EL DILEMA DE FERNANDO SIMÓN

 

EL DILEMA DE FERNANDO SIMÓN

JUAN CARLOS ESCUDIER

De todos los dones que adornan al director del Centro de Coordinación de Alertas y Emergencias, Fernando Simón, es evidente que el de la oportunidad no se encuentra entre ellos. Reincide en mostrarse en actitudes tan desenfadadas que resultan escasamente digeribles para buena parte de la opinión pública, cuyo juicio sigue afectado por el torbellino de emociones desatadas por la pandemia. Simón no logra asumir que, aun sin quererlo, las circunstancias le han convertido en un personaje público y que, como tal, está sometido a un escrutinio constante.

 

Así, lo que en cualquier otro momento despertaría simpatía, es tachado ahora de frivolidad. El epidemiólogo no puede regir sus actos por el escrutinio de algunos políticos y opinadores que, con gran desfachatez y luciendo aún el bronceado de su paso por la playa, atizan el fuego de las críticas porque Simón se calce un bañador. Pero tendría que ser consciente de que transformar unos días de vacaciones –a las que tiene todo el derecho- en un espectáculo televisivo y en una exhibición de buceo, alpinismo y viajes en globo resulta estridente y hasta ofensivo.

 

Se advertía aquí no hace mucho del peligro de la fama, que tiende a subirse a la cabeza más que el vino peleón.
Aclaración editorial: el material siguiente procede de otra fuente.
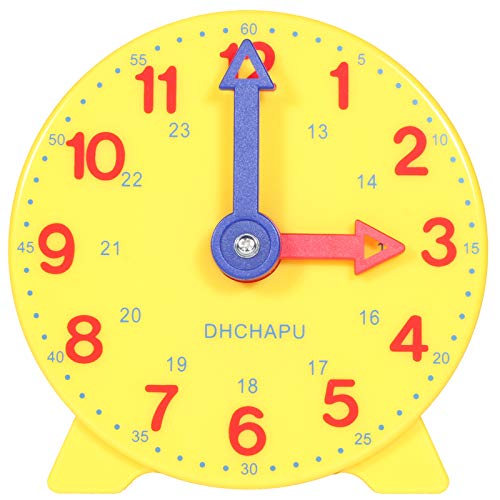 unbrand Aprende Las Horas Reloj Escolar Reloj con Las Horas 10CM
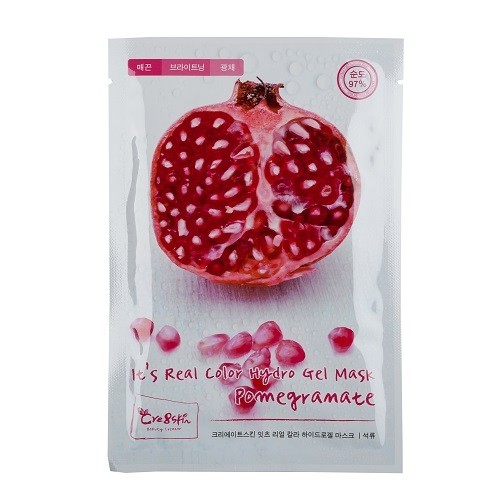 Cre8Skin It's Real Color Hydra Gel Mask Pomegramate Hidrogelinė granatų veido kaukė 30g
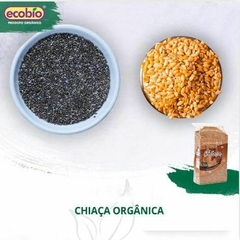 Farinha de Chia e Linhaça Dourada (Chiaça) Orgânica 250g Alto Vácuo Ecobio - comprar online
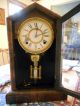 Great Antique Davison Mantel Clock / Key / Chime Clocks photo 6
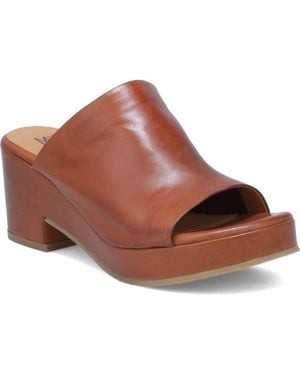 Miz Mooz Gwen Platform Sandal - Brown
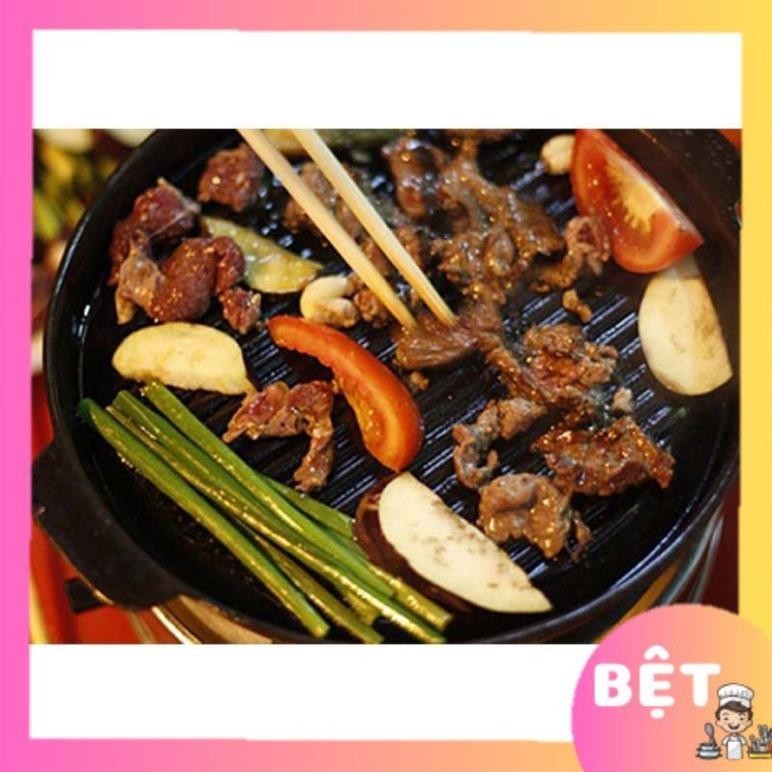 Chảo nướng thịt Chống Dính nướng HUỲNH ANH - chảo gang làm bò sốt hàu HUỲNH ANH tiện dụng GIA DỤNG B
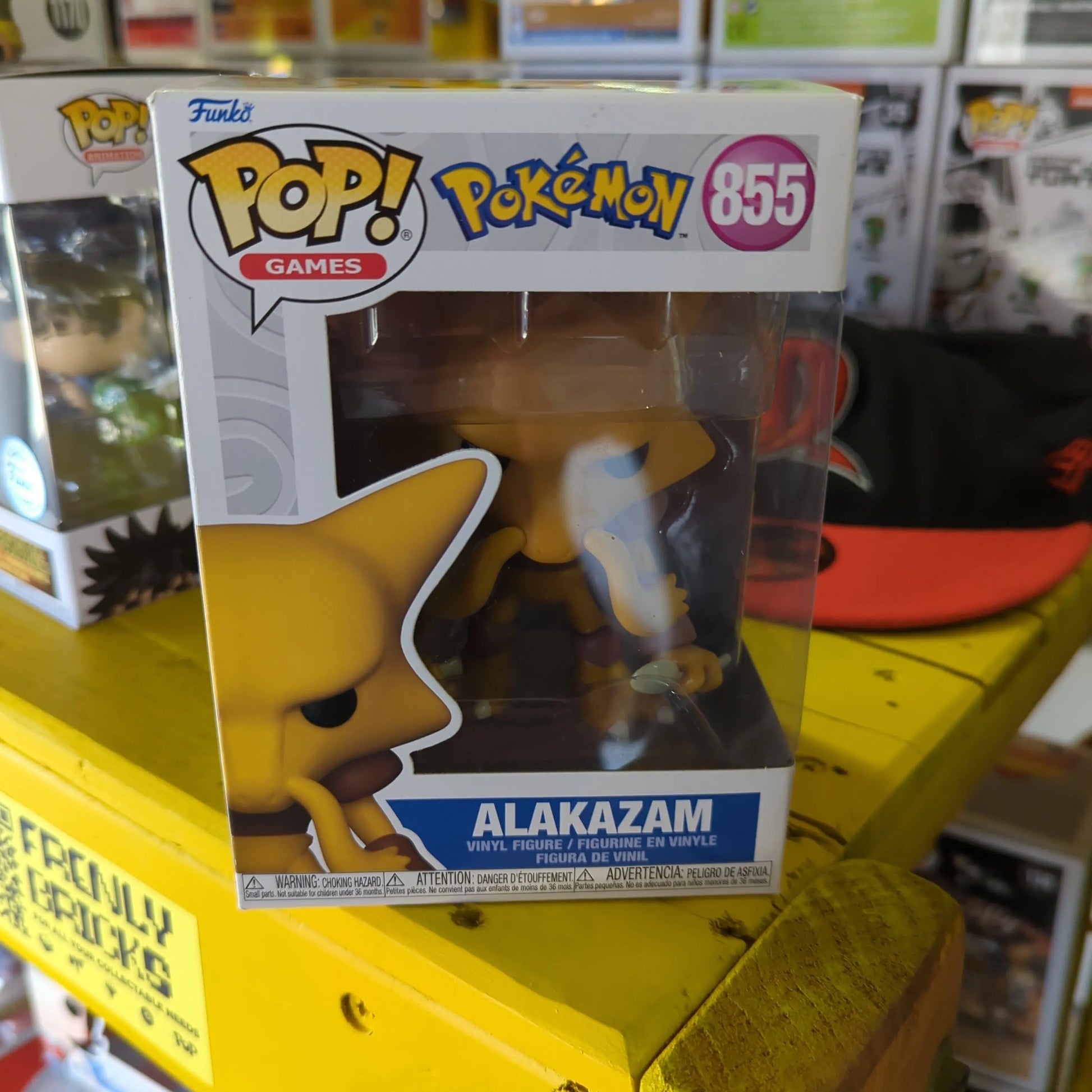 FUNKO POP VINYL Alakazam 855 Pokemon - FRENLY BRICKS - Open 7 Days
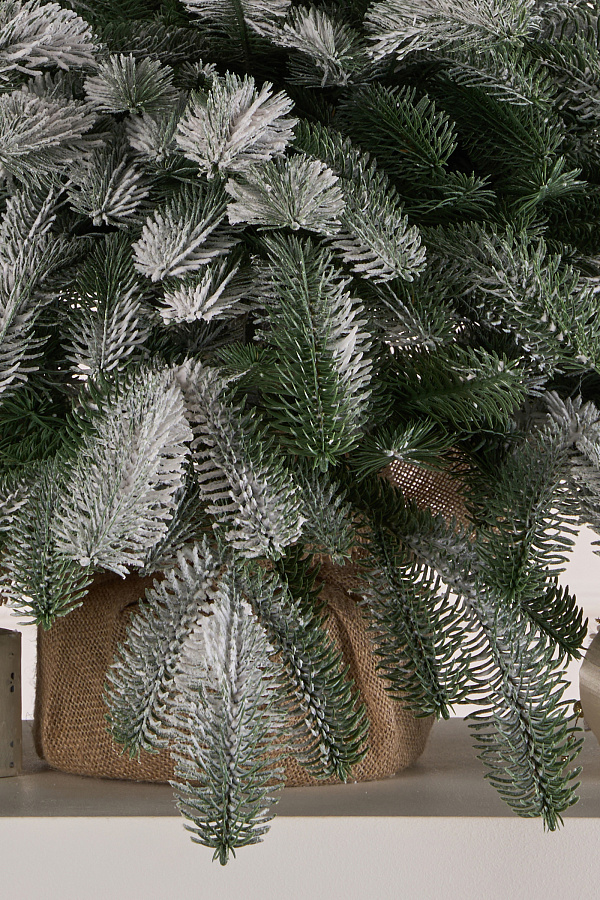 Ель искусственная Датская заснеженная настольная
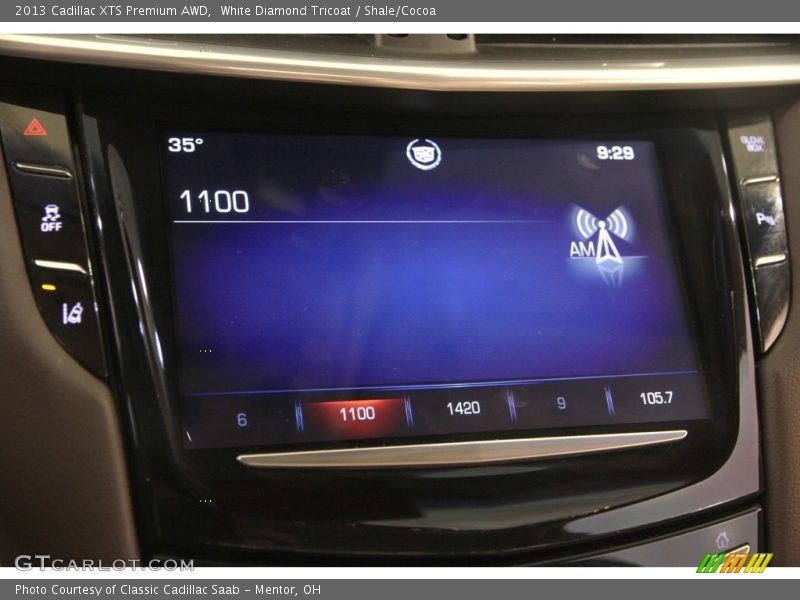 White Diamond Tricoat / Shale/Cocoa 2013 Cadillac XTS Premium AWD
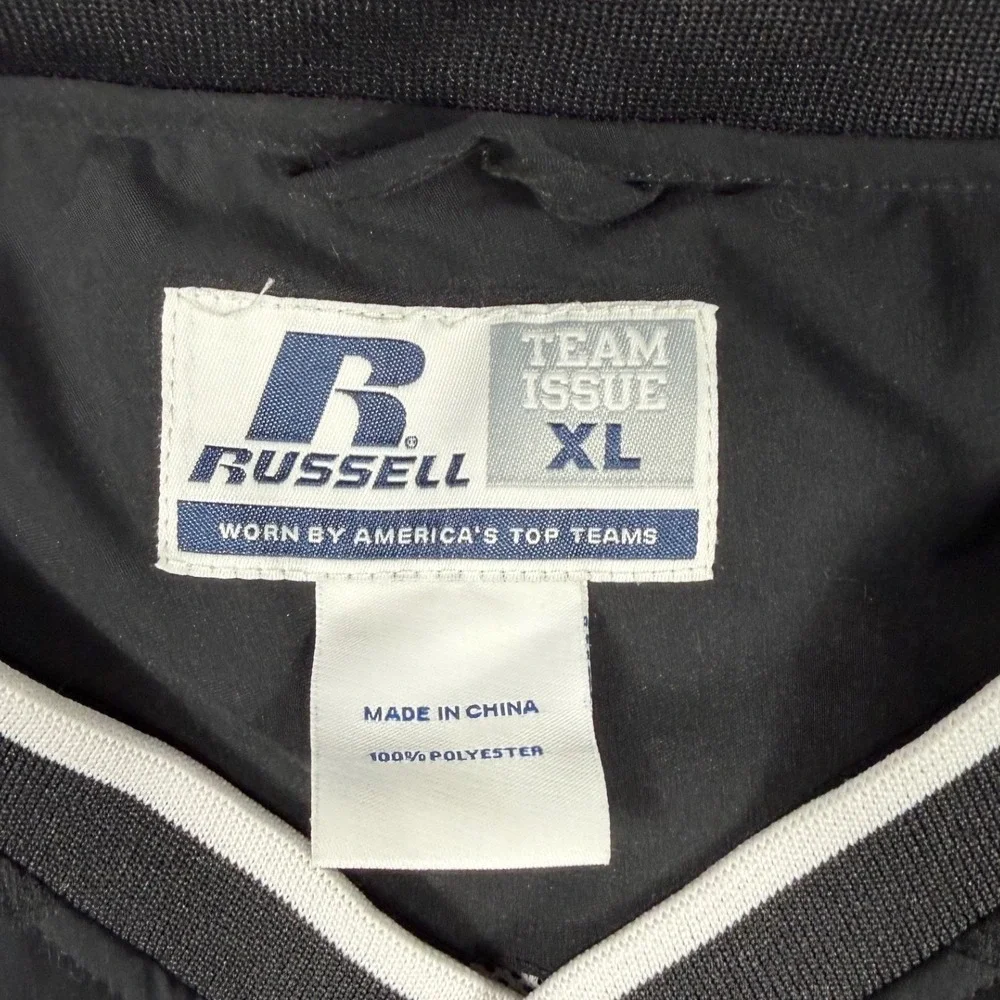 Y2K Russell Marana Basketball‎ Lightweight Pullover Jacket XL Black Team Issue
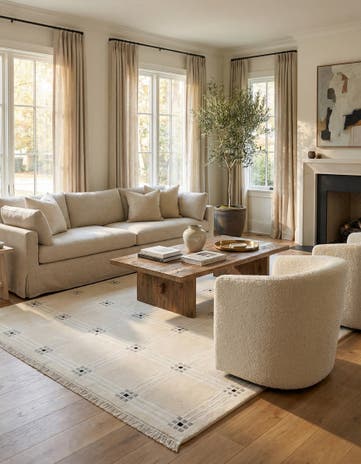 6' 5 x 9' 10 Hand Knotted Darya Wool Rug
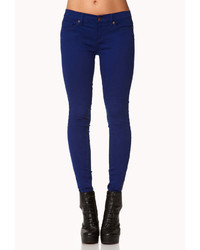 Forever 21 Colored Zippered Skinny Jeans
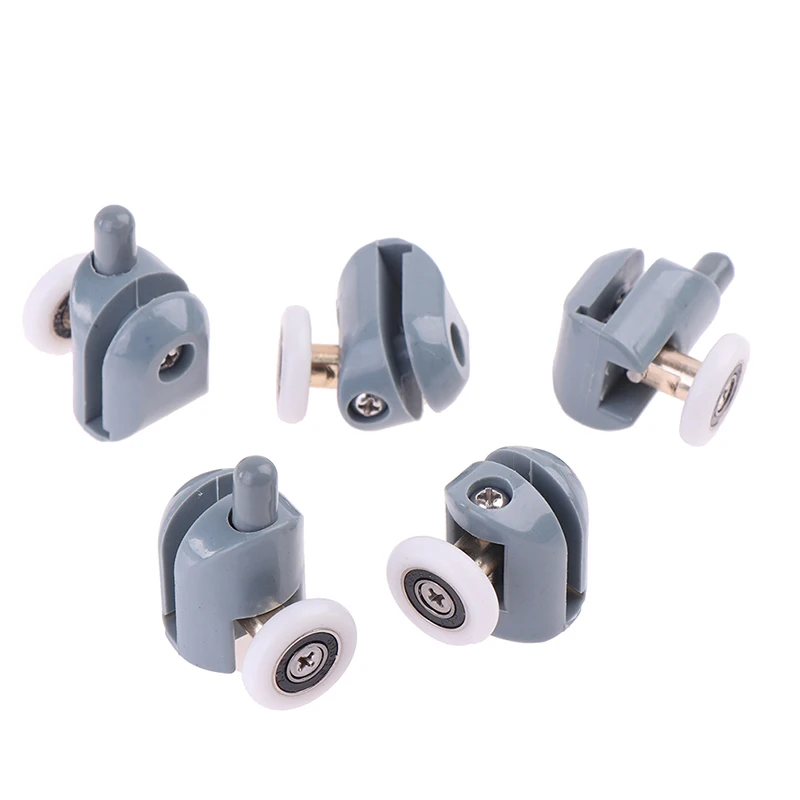 

4Pcs Shower Rooms Cabins Single-wheel Pulley Glass Door Sliding Pulley Roller Runners Bathroom Accessories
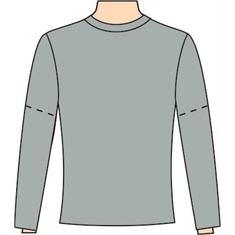 Ref. 122 - Molde de Camiseta Manga Posta Masculina - EG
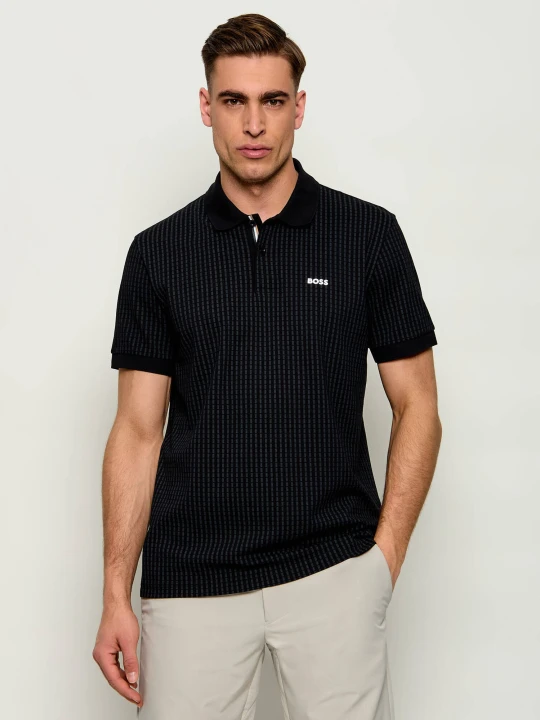 Zdjęcie produktu BOSS GREEN Polo PL_GOC Birdie 3 | Regular Fit | pique czarny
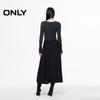 ONLY Women's 2025 Winter Faux Two-Piece Round Neck Long Sleeve A-Line Dress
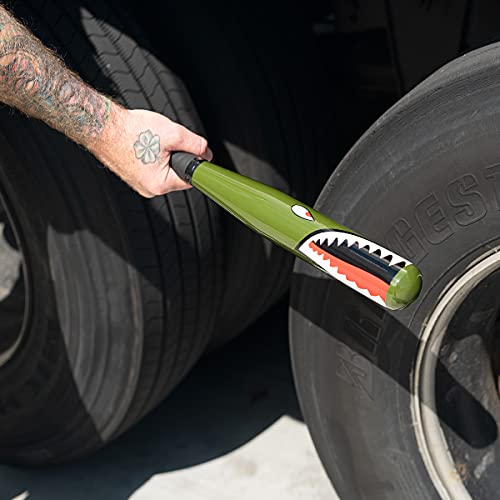 Image of United Pacific 17 inch Aluminum Tire Checker Bat, Robust & Durable, Wrapped Handle, Truck Tire Checker Bat - ONE BAT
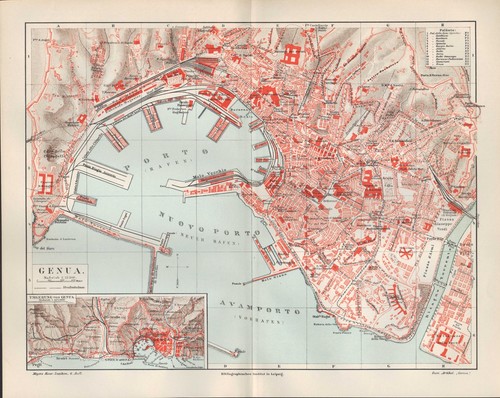 Mappa pianta della città city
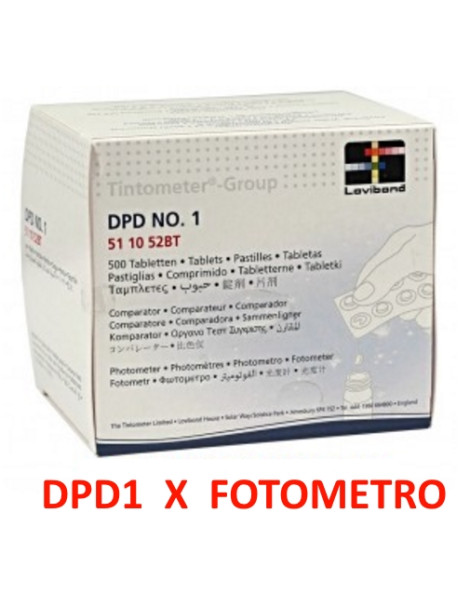 Ricambio DPD1 per fotometro misurare cloro acqua piscina 100 - 200 - 500 pastiglie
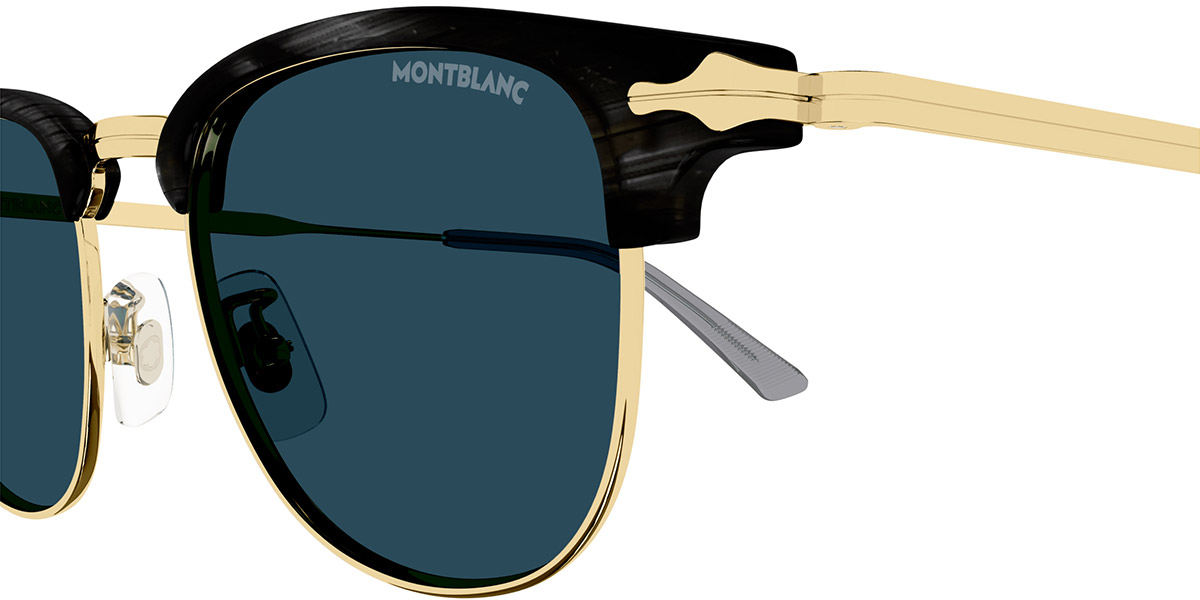 Color: Gray/Gold (003) - Montblanc MB0364S00349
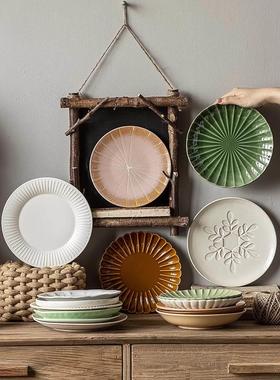 Japanese ceramic plates dish tray disc tableware set 盘子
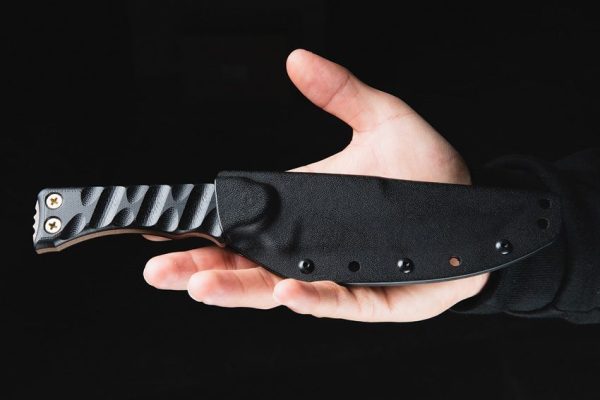 TOPS Team Jackal Survivor Fixed Blade Knife 1095 Steel Coyote Tan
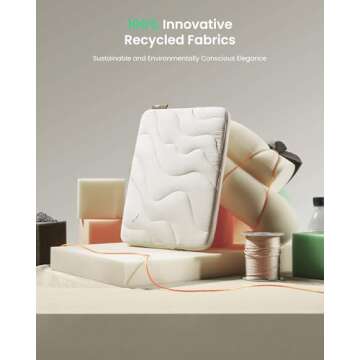 tomtoc 360 Protective Puffy Laptop Sleeve for 13-inch MacBook Air M4 2025/M3/M2/M1 A3113 A2681, MacBook Pro M2/M1, iPad Pro M4/Air (M3/M2), Quilted Soft Puffer Bag for 13-inch Surface Pro, Copilot+PC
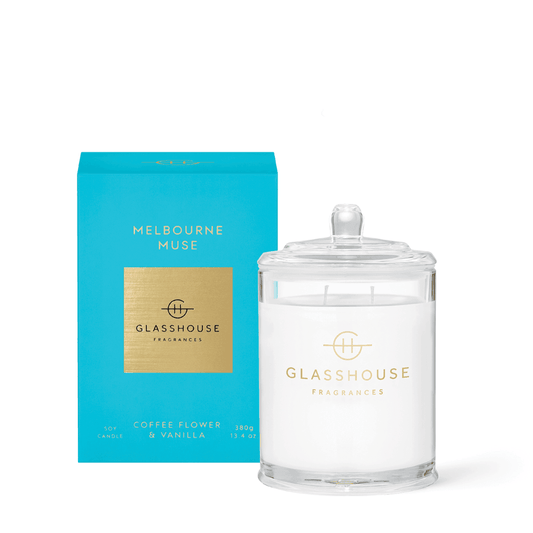 Candle - Glasshouse - Glasshouse Fragrances Melbourne Muse Candle 380g - The Gift Company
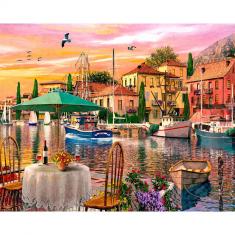 Puzzle 1000 pieces : Sunset Harbour 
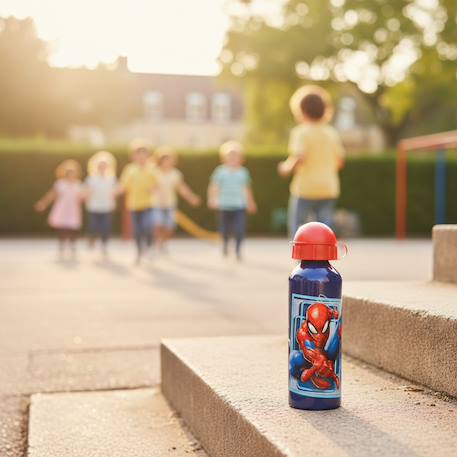 Gourde enfants aluminium spider-man 520 ml avec poignée spiderman Bleu 2 - vertbaudet enfant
Llueve sobre mojado. De aquel reportaje-entrevista en el que Simón se dejó inmortalizar a lo James Dean en Rebelde sin causahemos pasado al aventurero que se lo monta en plan espeleólogo y hombre rana en Planeta Calleja, el programa de Cuatro que transformó en alpinista a Pedro Sánchez o a Albert Rivera en piloto en tiempos, eso sí, más bonancibles para la lírica. También esta ocasión, el medio no es el mensaje que a buen seguro quiso transmitir, sino el alimento que ese mismo medio devora a dentelladas.

 

Lo que en un primer momento pudo atribuirse a la ingenuidad de quien se ve catapultado al centro del escenario con todos los focos apuntando en su dirección parece responder ahora a un gusto por la notoriedad que no se compadece con la difícil misión con la que le toca lidiar. El portavoz de lo que desde hace meses siempre son malas noticias ha de guardar las formas y saber distinguir entre lo correcto y lo inapropiado. No se trata de impostar luto con una mascarilla negra ni de poner permanentemente cara de enterrador sino de ser consciente de que participa de una drama que ha golpeado duramente a miles de personas. Quizás no esté en su sueldo pero es lo que toca.

 

De la misma manera que sería inimaginable ver al ministro de Sanidad, Salvador Illa, en actitudes semejantes, debería serlo para quien ha asumido el rol de comunicar en nombre del Gobierno los avances y los retrocesos frente a la pandemia. Es irrelevante que, concluido el estado de alarma, las competencias sanitarias vuelvan a residir en las comunidades autónomas y que, por tanto, la toma de decisiones se haya centrifugado. Seguimos sin tener el horno para bollos.

 

Pudiera ser que el epidemiólogo se encuentre cómodo viéndose metamorfoseado en las camisetas y luciendo un faceta de bohemio trotamundos. Nadie va a negarle que durante meses ha desempeñado a diario, sin días libres ni fines de semana, la tarea más ingrata y que, por ello, ha sido colocado injustamente en la diana de la batalla política. Sin embargo, llegados a este punto tendría que elegir entre la poesía o la prosa. O sigue siendo, con todas sus consecuencias, la voz rota de la pandemia o echa el currículo para la siguiente edición de Supervivientes. Ese el dilema que tendría que resolver cuanto antes.